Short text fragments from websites
╔══
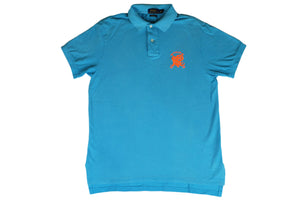 Polo Ralph Lauren Scribble Logo Polo Shirt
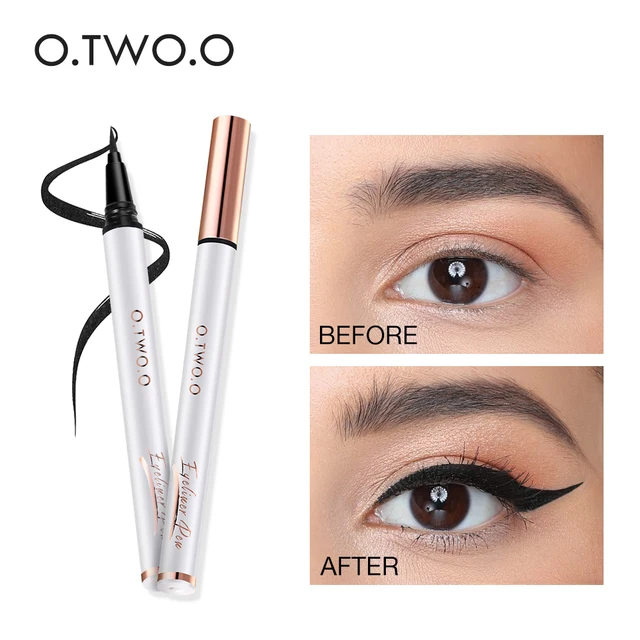 OtwoO Waterproof Delicate Eyeliner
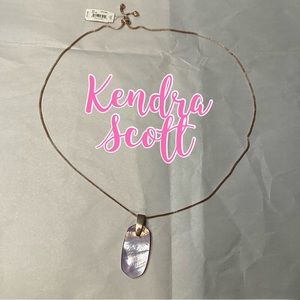Kendra Scott Necklace NWT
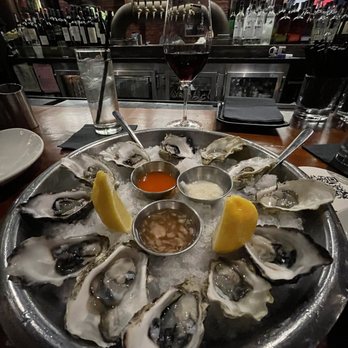 District - Oakland - Oysters - Wine Bars Near Me - Oakland, California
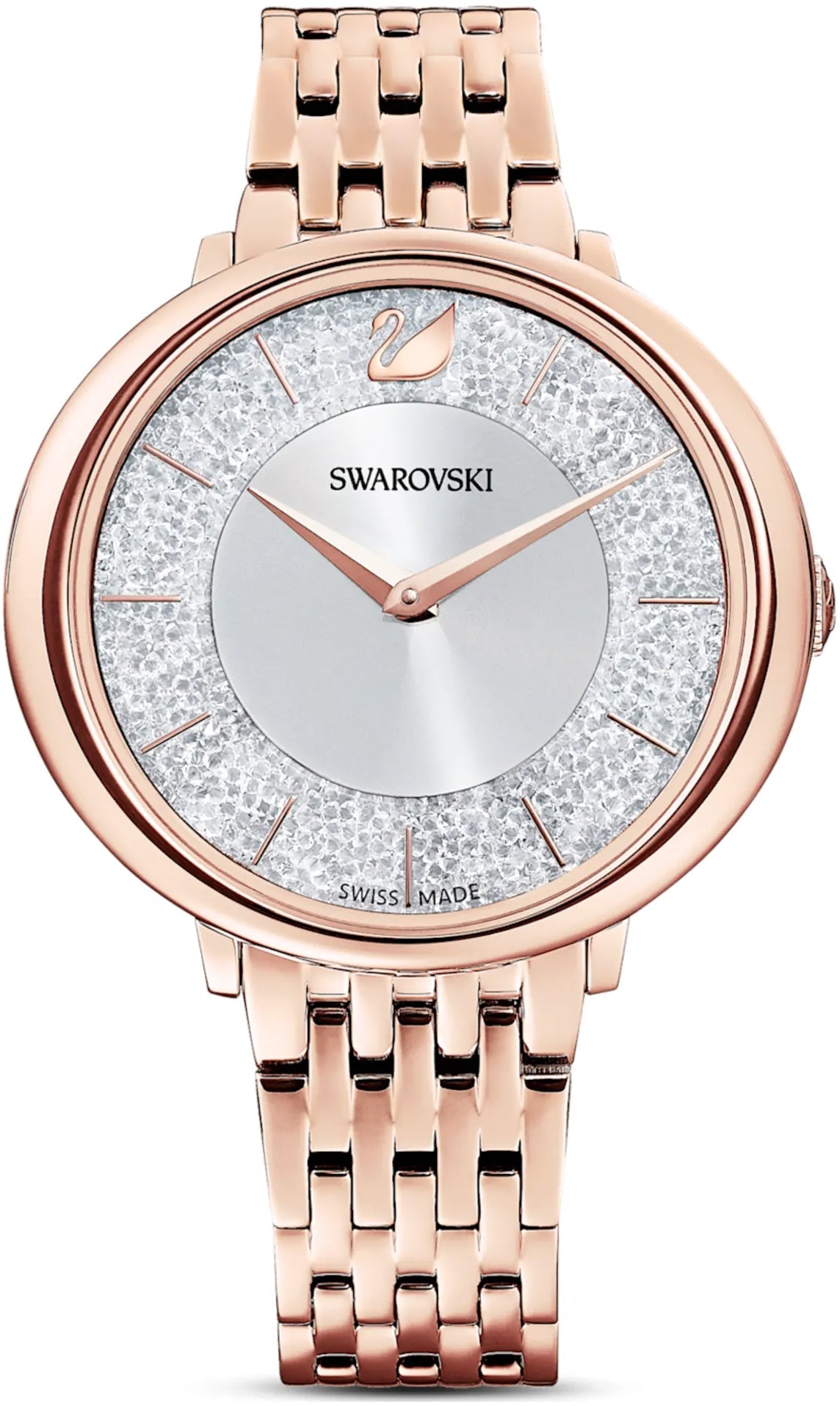 Swarovski Watch Crystalline Chic Bracelet - Silver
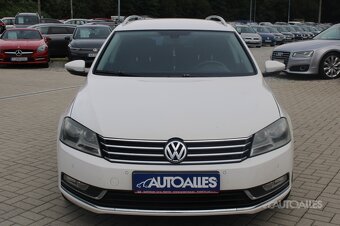 Volkswagen Passat Variant 1,6 TDi 77 kW - 2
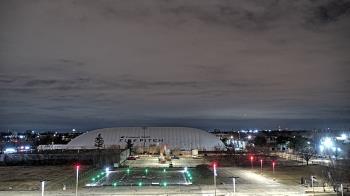 Weather camera view of WGN-TV.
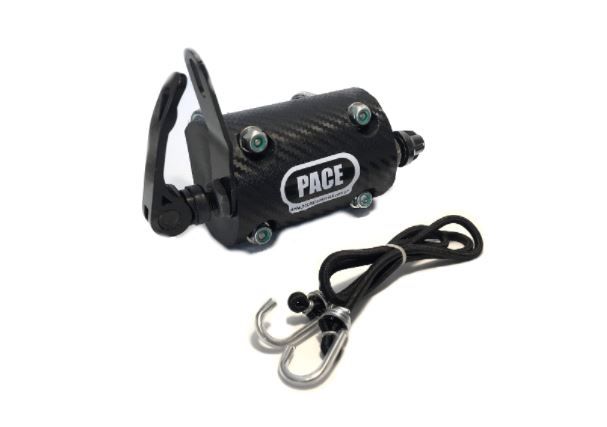 SUPORTE TRANSBIKE GRADE VIGIA EIXO 15mm C...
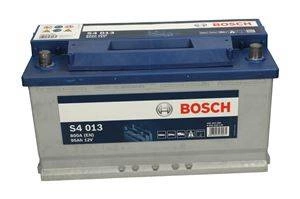 akumulator 12V 95Ah 800A BOSCH Silver S4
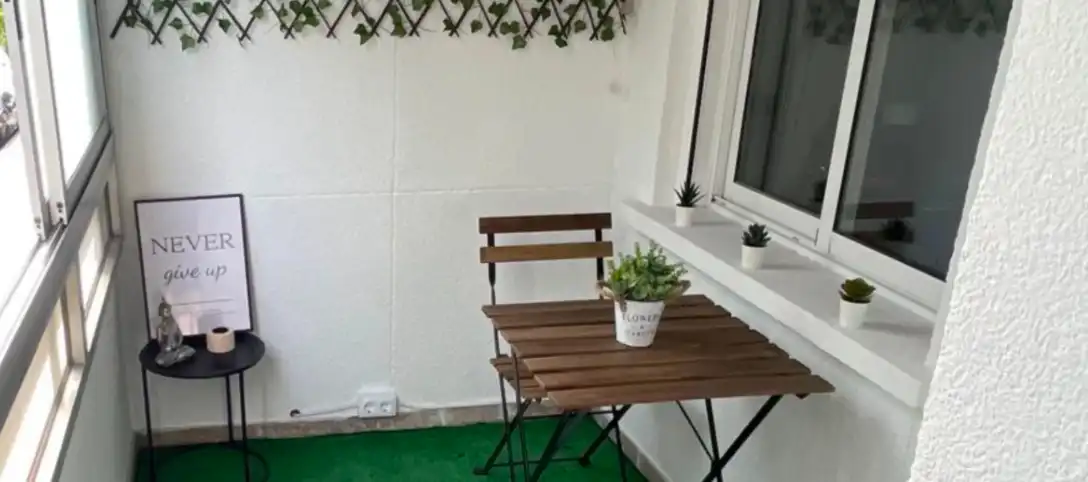 Wohnung mit Terrasse zum Verkauf in Avinguda del Port 135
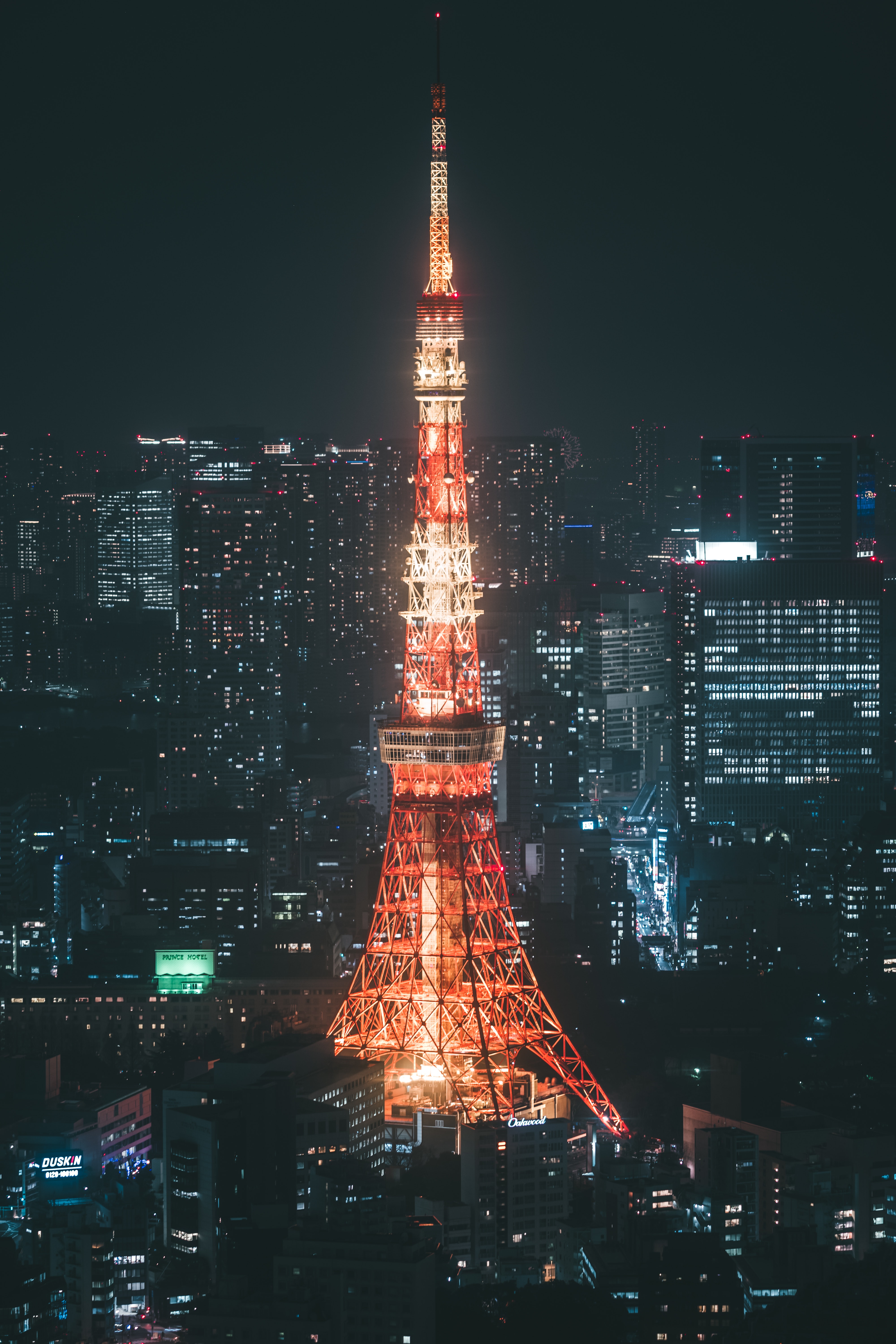 Tokyo Tower Wallpapers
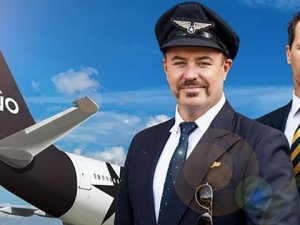 Yeni Zelanda'da dünyanın ilk 'şaraphane havayolu' kuruldu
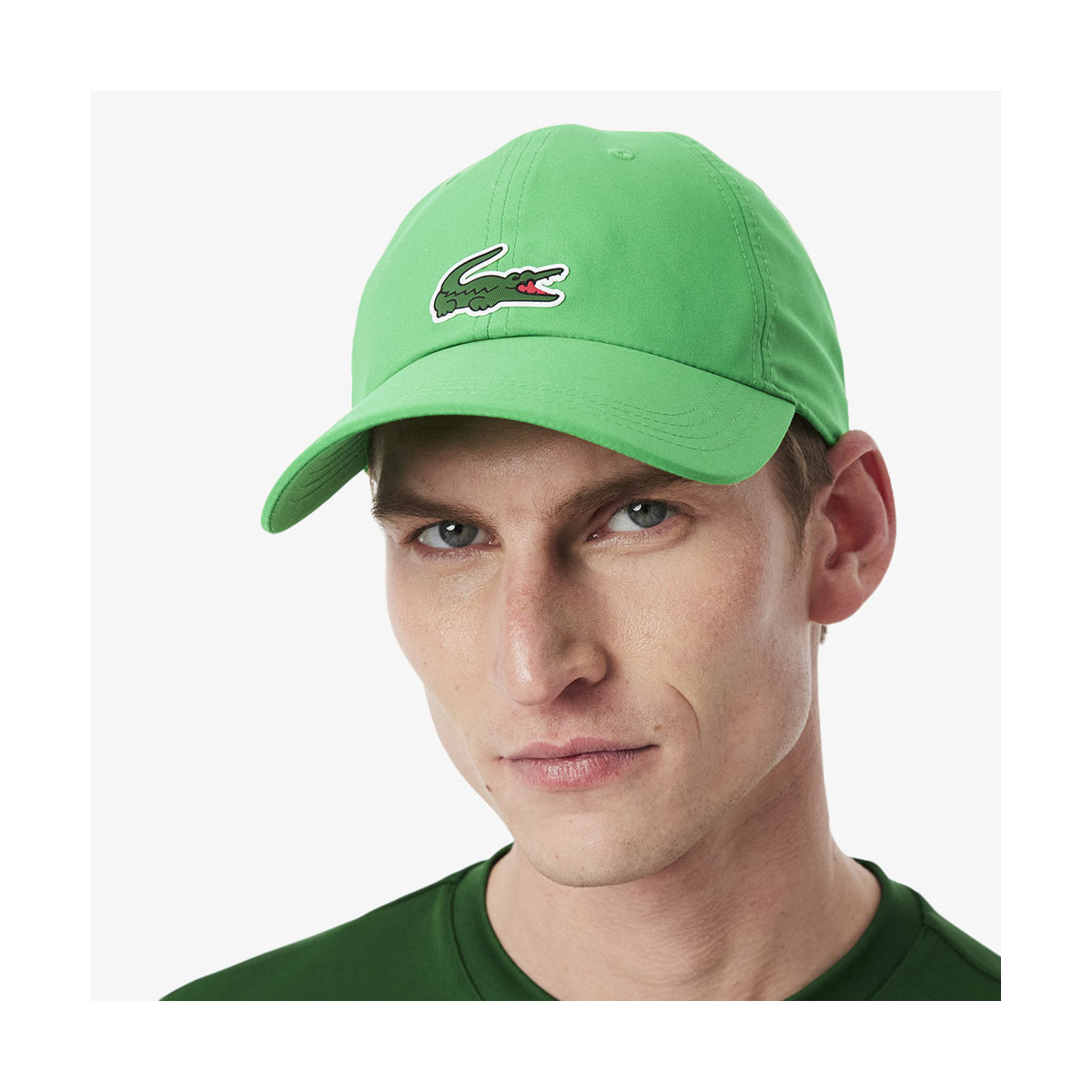 Lacoste Sport Blauw groen Pet
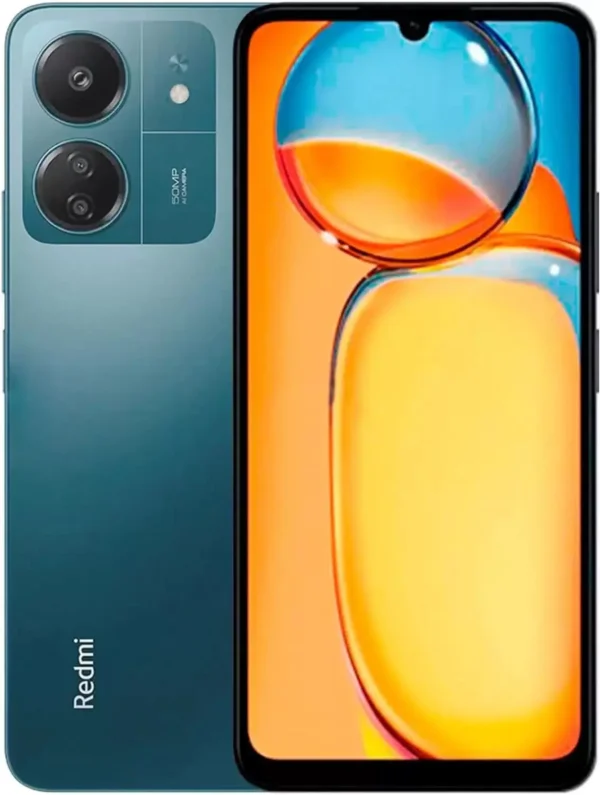Smartphone Celular Xiaomi Redmi 13c - Image 3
╚══
#### [EXERCISE AIM]
Make an exact copy of the records shown above, without the pictures.

#### [TASK OUTPUT]
 Polo Ralph Lauren Scribble Logo Polo Shirt
 OtwoO Waterproof Delicate Eyeliner
Kendra Scott Necklace NWT
 District - Oakland - Oysters - Wine Bars Near Me - Oakland, California
 Swarovski Watch Crystalline Chic Bracelet - Silver
 Volkswagen Passat Variant 1,6 TDi 77 kW - 2
 Weather camera view of WGN-TV.
 SUPORTE TRANSBIKE GRADE VIGIA EIXO 15mm C...
 akumulator 12V 95Ah 800A BOSCH Silver S4
 Wohnung mit Terrasse zum Verkauf in Avinguda del Port 135
 Tokyo Tower Wallpapers
 Yeni Zelanda'da dünyanın ilk 'şaraphane havayolu' kuruldu
 Lacoste Sport Blauw groen Pet
Smartphone Celular Xiaomi Redmi 13c - Image 3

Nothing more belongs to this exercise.